Aquí no se trata de "vestir" la Misa montiniana como la Misa antigua, tratando de ocultar con ornamentos y canto gregoriano la hipocresía farisaica que la concibió; no se trata de recortar la Prex eucharistica II o de celebrar ad orientem: la batalla debe librarse sobre la diferencia ontológica entre la visión teocéntrica de la Misa tridentina y la visión antropocéntrica de su falsificación conciliar.
No es otra cosa que la batalla entre Cristo y Satanás. Una batalla por la Misa, que es el corazón de nuestra Fe, el trono al que desciende el Divino Rey Eucarístico, el Calvario en el que se renueva de forma incruenta la inmolación del Cordero Inmaculado. No es una cena, ni un concierto, ni un espectáculo para exhibir excentricidades o un púlpito para herejes, ni un podio para celebrar mítines.
Es una batalla que se fortalecerá espiritualmente en la clandestinidad de los sacerdotes fieles a Cristo, considerados excomulgados y cismáticos, mientras que dentro de las iglesias, junto al rito reformado, triunfarán la infidelidad, el error y la hipocresía. Y también la ausencia: la ausencia de Dios, la ausencia de sacerdotes santos, la ausencia de buenas almas fieles. La ausencia de la unidad entre la Cátedra y el Altar, entre la sagrada autoridad de los Pastores y su misma razón de ser, siguiendo el modelo de Cristo, dispuestos a ser ellos mismos los primeros en subir al Gólgota, en sacrificarse por el rebaño. Quien rechaza esta visión mística de su propio Sacerdocio termina ejerciendo su autoridad sin la ratificación que sólo viene del Altar, del Sacrificio y de la Cruz: de Cristo mismo que reina desde esa Cruz sobre los soberanos espirituales y temporales como Rey y Sumo Sacerdote.

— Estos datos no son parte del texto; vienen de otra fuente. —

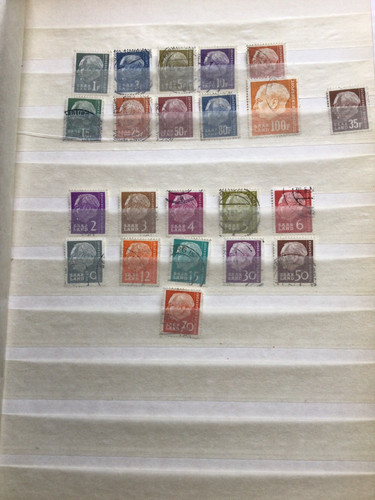 Briefmarken dauerserie heuss - dauerserie,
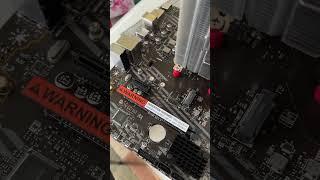 Сборка ПК - что значит надпись WARNING?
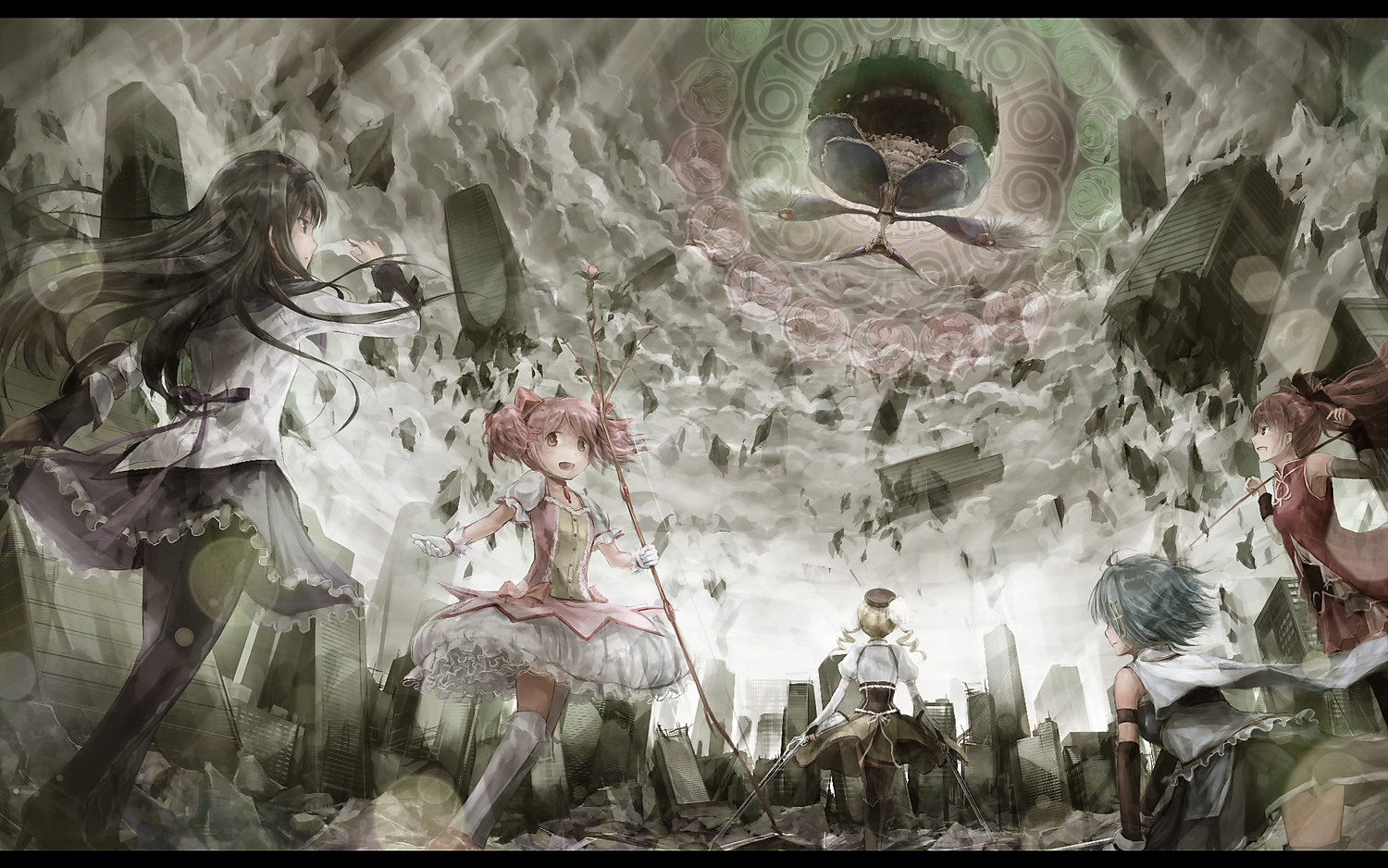akemi_homura, kaname_madoka, lif_(lif-ppp), mahou_shoujo_madoka_magica, miki_sayaka, sakura_kyouko, tomoe_mami, walpurgis_no_yoru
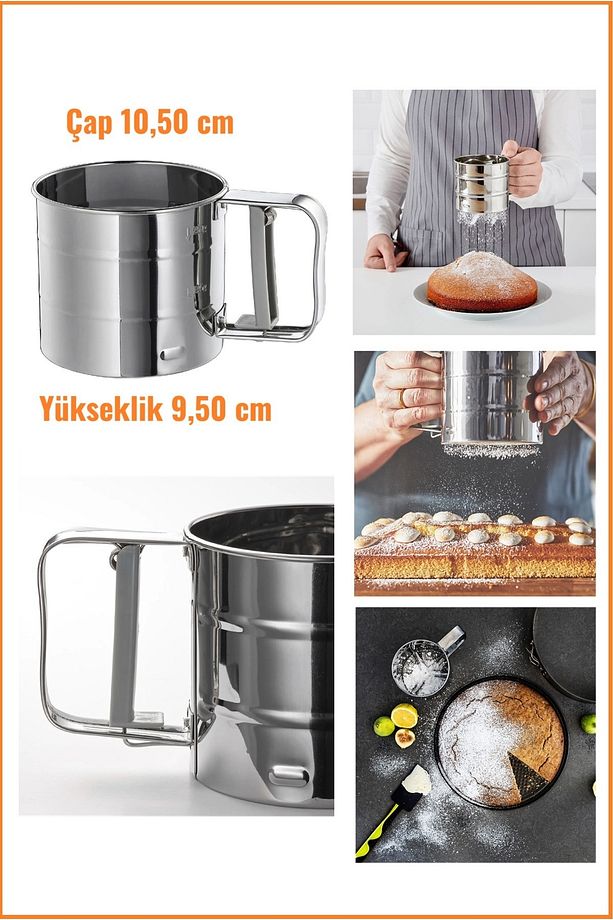 Paslanmaz Çelik Un Ve Şeker Eleği Elek - 1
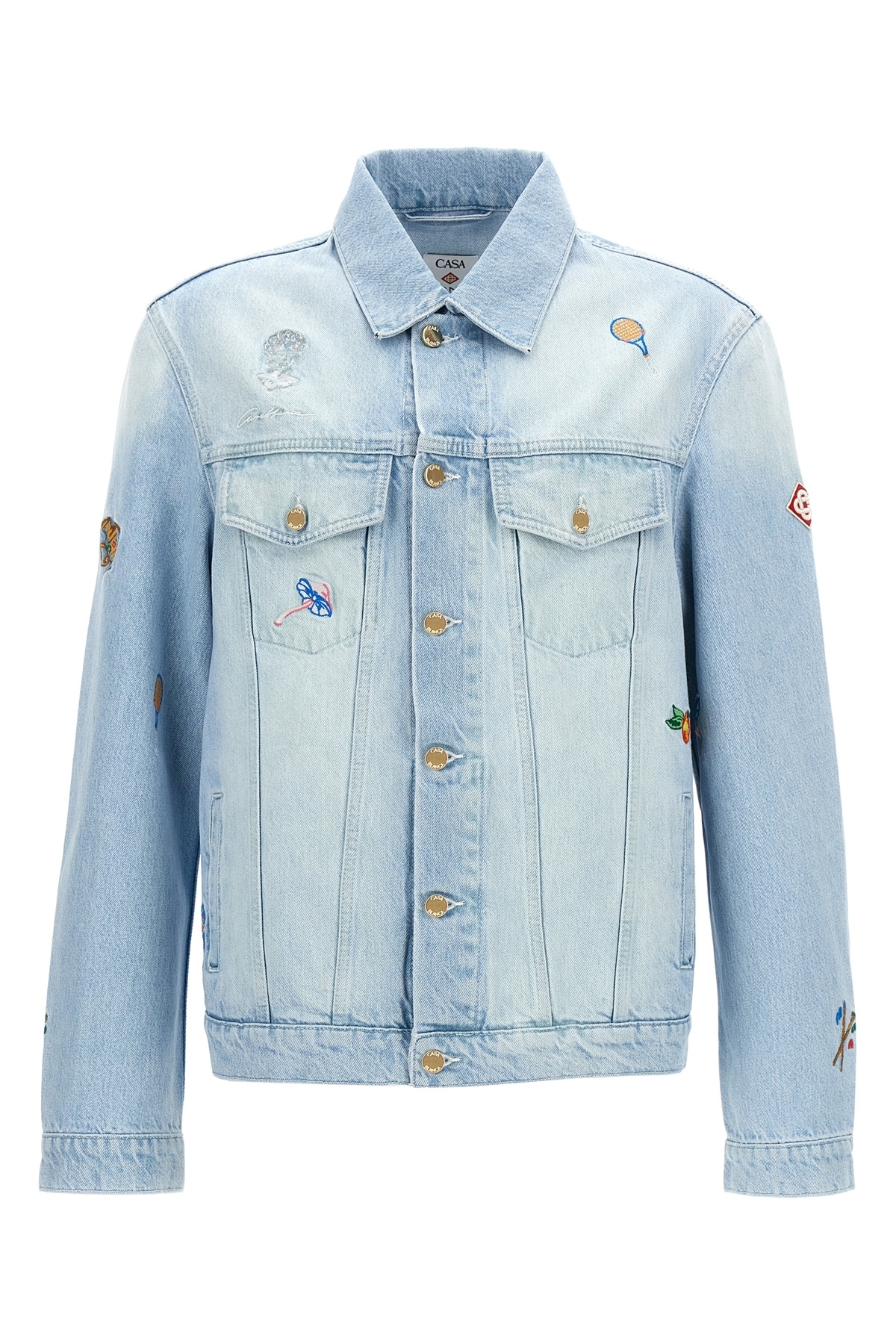 【関税込み】CASABLANCA EMBROIDERED MOTIF' JACKET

Si esto es lo que quiere Bergoglio para afirmar su poder avasallador en medio del clamoroso silencio del Sagrado Colegio y del episcopado, que sepa que se encontrará con la oposición firme y decidida de muchas almas buenas dispuestas a luchar por amor al Señor y por la salvación de sus propias almas, que, en un momento tan terrible para el destino de la Iglesia y del mundo, están decididas a no ceder ante quienes desean cancelar el Sacrificio perenne, como para facilitar el ascenso del Anticristo a la jefatura del Nuevo Orden Mundial. Pronto comprenderemos el significado de las terribles palabras del Evangelio (Mt 24,15), en las que el Señor habla de la abominación de la desolación en el templo: el abominable horror de ver proscrito el tesoro de la Misa, despojados nuestros altares, cerradas nuestras iglesias y forzadas nuestras ceremonias litúrgicas a la clandestinidad. Esta es la abominación de la desolación: el fin de la Misa Apostólica.
Cuando Inés, de 13 años, fue conducida al martirio el 21 de enero de 304, muchos fieles y sacerdotes habían apostatado de la fe bajo la persecución de Diocleciano. ¿Debemos temer el ostracismo de la secta conciliar, cuando una muchacha nos ha dado tal ejemplo de fidelidad y fortaleza ante el verdugo? Su heroica fidelidad fue elogiada por San Ambrosio y San Dámaso. Hagamos que nosotros, por indignos que seamos, podamos merecer en el futuro la alabanza de la Iglesia, mientras nos preparamos para esas pruebas en las que damos testimonio de que pertenecemos a Cristo.